The Tax Foundation supported the part of the tax reform legislation signed into law by Brownback that cut the individual income tax rates of 6.45 percent, 6.25 percent and 3.5 percent to just two rates at 4.9 percent and 3 percent.

But the Washington D.C.-based group didn’t support the part of the law that exempts from taxes certain business owners’ profits.

“A pass-through business owner typically pays themself a salary, which is taxed as wage income on their income tax return,” said Tax Foundation economist Mark Robyn. “Additional profit above and beyond the business’s cost of doing business is reported as one of several forms of business income on the business owner’s tax return and also taxed under the personal income tax. The new Kansas law would make this non-wage income exempt from taxation,” Robyn said.

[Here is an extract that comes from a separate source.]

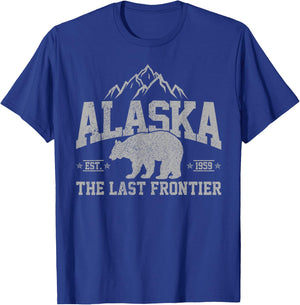 Alaska Grizzly Bear Nature Outdoor Souvenir Gift T-Shirt - T-Shirt | Royal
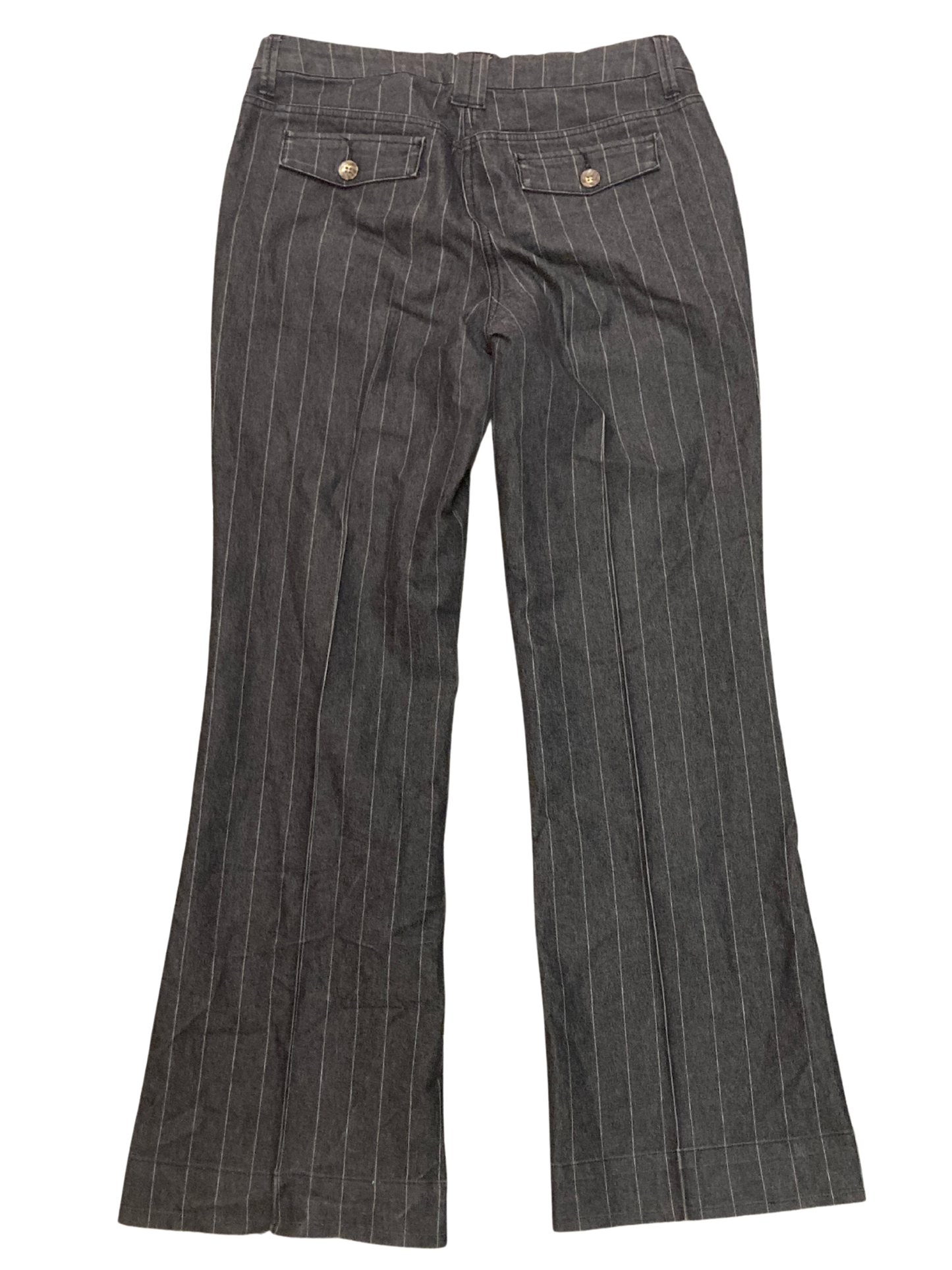Black Pinstripe Denim Jeans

Brownback has said the change will stimulate the economy like an adrenaline shot to the heart. He said that the tax cuts will create 22,900 new jobs, give $2 billion more in disposable income to Kansans and increase population by 35,740, in addition to normal population growth.

The tax cuts, Brownback said, will “help make Kansas the best place in America to start and grow a small business.”

But the Tax Foundation said “we see a few problems with the small business provisions.”

The tax exemption will create an incentive for businesses to structure as pass-throughs for tax purposes, the report said.

“Instead of the Kansas tax system treating similar activity similarly, the system will encourage economically inefficient, though tax-reducing, activities.

“While this can be difficult and complicated, especially in business taxation, Kansas’s decision to exempt one type of business structure completely from taxation (pass-throughs) while continuing to tax others (C corporations) is problematic. It rewards certain business structures while punishing others. There is no sound economic justification for treating these two types of business activity so dramatically differently,” the report said.

And the report concludes that while tax reductions can have positive economic benefits “they will cost revenue and will ultimately have to be paid for either by cutting spending or increasing taxes elsewhere.”

Legislative staff research have reported that the tax cuts will produce a budget deficit in the $2.5 billion range within six years. Brownback has disputed this will happen.